Westbrook Brewing Company: Gozu
A riff on a fine traditional German gose brewed with salt and coriander, Gozu is spiked with yuzu, a fragrant Japanese citrus fruit, replacing the funk of the original beer with huge citrus flavors. While the lemony flavor is a huge element in the original, Westbrook's is dripping with the refreshing exotic fruit flavor.
Gueuzerie Tilquin: Oude Quetsche Tilquin à L'Ancienne
Tilquin has outdone itself with a blend of lambics from the best producers in Belgium, including Boon and Cantillion. This special version of their traditional Gueuze is brewed with plums, which mix elegantly with the lemony tartness of the base brew.
Almanac Beer Company: Dark Pumpkin Sour
Almanac has been blowing minds out on the West Coast with their fruited sour ales for the past few years, and finally next week, they're coming to New York! Along with this exciting news, they released several new seasonal ales, including this strange, wonderful seasonal treat. Roasted malt, sour dark cherry, spice and plenty of pumpkin taste.

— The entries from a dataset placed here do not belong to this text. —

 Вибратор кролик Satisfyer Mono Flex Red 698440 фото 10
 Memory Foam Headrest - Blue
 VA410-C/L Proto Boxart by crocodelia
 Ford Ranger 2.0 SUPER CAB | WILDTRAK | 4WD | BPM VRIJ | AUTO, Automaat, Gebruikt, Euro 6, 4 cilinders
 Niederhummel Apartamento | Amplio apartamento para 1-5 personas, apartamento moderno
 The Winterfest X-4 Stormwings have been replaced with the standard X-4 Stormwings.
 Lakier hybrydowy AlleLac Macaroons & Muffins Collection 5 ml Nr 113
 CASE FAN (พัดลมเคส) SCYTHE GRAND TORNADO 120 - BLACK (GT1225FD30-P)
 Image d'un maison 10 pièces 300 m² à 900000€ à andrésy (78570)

Brouwerij Boon: Oude Geuze Mariage Parfait
Blonde beers aren’t typically the style that comes to mind when it comes to aging beer. Not so with Gueuze, which can be aged for decades. This is an aged version of the traditional Boon Geuze (different spelling) and you can see how the complexity of the beer develops without having to wait a decade yourself. There's lots of funk, green apple and lemon. There are more complex Gueuzes out there, but this one's recommended because you can definitely find it (unlike others which you’ll have to go on a wild turkey chase to find).
Avery Brewing Company: Rufus Corvus
There’s plenty of competition for sour supremacy in Colorado, but Avery has outdone itself with this blend of sour ales aged in Cabernet, Sauvignon, Chardonnay and Zinfandel barrels. You'll taste sweet and tart fruits, tartness that evokes Jolly Ranchers, currants, sour cherries, caramel malt, oak and complex vinious notes.
Crooked Stave: Nightmare on Brett
Crooked Stave head brewer Chad Yakobson is an aficionado of brettanomyces, the tart yeast which makes so many of his beers instant winners. This is a dark sour ale aged in whiskey barrels with hints of musk, roasted malt, chocolate, sour black cherries, blackberries and prominent notes of bourbon.
Firestone Walker Brewing Company: Agrestic
Double Barrel Ale is Firestone's bread and butter, but it’s also the base for this remarkable soured brew aged in a combination of wine barrels, including barrels from the highly sought-after Opus One winery. Cherry, raspberry, grape and oak notes dominate. It’s definitely on the lighter side of sour red ales but that’s a good thing since it’s easy to drink. Shame it’s so damn hard to come by.
Grimm Artisan Ales: Action/Adventure
Sometimes sour doesn’t have to be puckeringly tart to be good. Action/Adventure is an excellent example of the German style Lichtenhainer, which is both tart and smoky. There are elements of lemon, citrus, pepper, wheat and for a real German treat: smoked meat.